Joanna Beata Michlic (j.michlic@ucl.ac.uk) is a social and cultural historian, and founder and first director of the HBI (Hadassah-Brandeis Institute) Project on Families, Children, and the Holocaust at Brandeis University. She is Honorary Senior Research Associate at the Centre for the Study of Collective Violence, the Holocaust and Genocide (Institute for Advanced Studies, University College London), and Research Fellow at Weiss-Livnat International Centre for Holocaust Research and Education (University of Haifa, June 2019 – May 2022). She is also co-editor-in-chief of Genealogy. Her research focuses on the social and cultural history of Poland and East European Jews, the Holocaust and its memory in Europe, East European Jewish childhood and antisemitism and nationalism in Europe. She has received many prestigious academic awards and fellowships, most recently Gerda Henkel Fellow (2017-2021). She has authored Poland’s Threatening Other: The Image of the Jew from 1880 to the Present (University of Nebraska Press, 2008), translated into Polish in 2015 and in Hebrew, with a new epilogue, in 2021. She has co-edited TheNeighbors Respond: The Controversy over the Jedwabne Massacre in Poland (Princeton University Press, 2004); Bringing the Dark Past to Light: The Reception of the Holocaust in Postcommunist Europe (University of Nebraska Press, 2008); Jewish Family 1939 – Present: History, Representation, and Memory, (Brandeis University Press, 2017).
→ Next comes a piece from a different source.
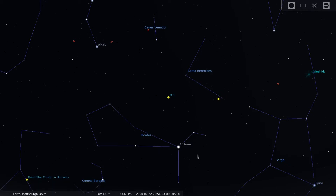Hello and welcome to the channel. Today we're going to have a look at Messier 3, also known as M3. This is a globular cluster in the constellation Canes Venatici, but can be found between the constellations Coma Berenices and Bootes.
Her latest book is a collection of essays about child Holocaust survivors entitled Piętno Zagłady [Mark of the Holocaust] (Warsaw, 2020). Her forthcoming new book on child Holocaust survivors from Poland will appear in English and German translation in 2023.
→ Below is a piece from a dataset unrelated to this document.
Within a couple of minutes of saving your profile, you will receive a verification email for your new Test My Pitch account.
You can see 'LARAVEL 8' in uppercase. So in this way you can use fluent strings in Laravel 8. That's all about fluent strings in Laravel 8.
Paris Papamichos Chronakis (pchronakis@gmail.com) is Lecturer in Modern Greek History at Royal Holloway, University of London, where he teaches and researches the history and memory of the Modern Mediterranean. His work explores questions of transition from empire to nation-state, bringing together the entangled histories of Jewish, Muslim and Christian urban middle classes from the late Ottoman Empire to the Holocaust. In recent years, his research and publications have expanded to post-imperial urban identities, Balkan War refugees, Salonica in World War One, Greek interwar Zionism and anti-Zionism, the Holocaust of Sephardi Jewry and digital Holocaust Studies. He was a member of the scientific committee developing the “Database of Greek Jewish Holocaust Survivors’ Testimonies”, and is on the editorial board of the Bulletin de Correspondance Hellénique Moderne et Contemporaine. Currently, he is spearheading a digital history project on the social networks of Greek Jewish Holocaust deportees and escapees.
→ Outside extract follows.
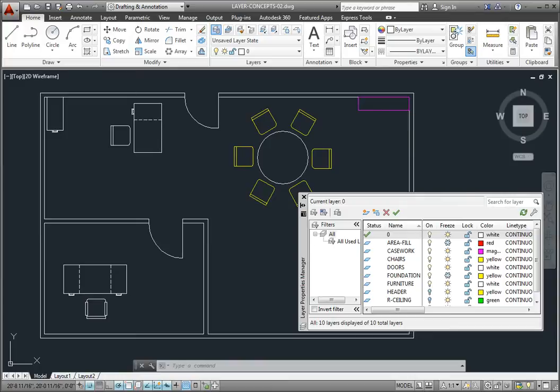Note however that you cannot select the current layer as one of the layers to be merged.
Odette Varon-Vassard (o_varon@otenet.gr) is an historian of the Resistance, the Holocaust and the Sephardic Diaspora. She studied History and Archaeology at the National and Kapodistrian University of Athens and Modern Greek History at the Université de la Sorbonne, Paris IV, Institut Néohellenique. She has taught Greek history as professor/advisor at the Department of Greek Civilisation, Hellenic Open University (2001-2017). She is associated with many projects of the Jewish Museum of Greece (JMG, Athens). Since 2011, she directs her own seminar at the JMG on “The genocide of European Jews: History, memory and representations”. She also lectures at the JMG’s annual seminar on “Teaching about the Holocaust in Greece”. She has given keynote lectures at the Mémorial de la Shoah (Paris), Yad Vashem (Jerusalem), Fondation pour la Mémoire Auschwitz (Brussels), the Faculty of Modern Greek (Strasbourg University), INALCO (Paris), EHESS (Paris), Maison d’Izieu (France), UNESCO (Paris), Museum of the Diaspora (Beit Hafutsot, Tel Aviv), Sydney Jewish Museum, Macquarie University (Sydney). She has authored in Greek: Greek Youth Press 1941-1945. An Inventory (2 vols, Athens, 1987); A Generation Comes of Age: Young Men and Women under the Occupation and in the Resistance (Athens, 2009); The Emergence of a Difficult Memory. Essays on the Genocide of Jews (Athens, 22013); and in French: Des Sépharades aux Juifs grecs. Histoire, mémoire et identité (Paris: Le Manuscrit, 22021). She has edited the testimony of Holocaust survivor Berry Nahmias, A Cry for Tomorrow (in Greek, Athens, 2020), and a special issue on “Holocaust memory” of the journal Synchrona Themata (Athens, 2021). She is a member of the Society for the Study of Modern Hellenism (Athens), and of the Atelier Albert Cohen (Paris), in her capacity as translator in Greek of his novels Solal and Mangeclous. She was also founding member of the Society for the Study of Greek Jewry (Athens). She sits at the Scientific Board of the journal Synchrona Themata, of The Books’ Journal (Athens), and was editor of the journal Metafrassi (1995-2008). In 2006, Varon-Vassard was awarded the Chevalier de l’Ordre des Arts et des Lettres by the French Ministry of Culture. Currently, she is co-responsible for the research programme “Armenians and Jews in the cities of South-Eastern Europe” at the École Française d’Athènes (2022-2026).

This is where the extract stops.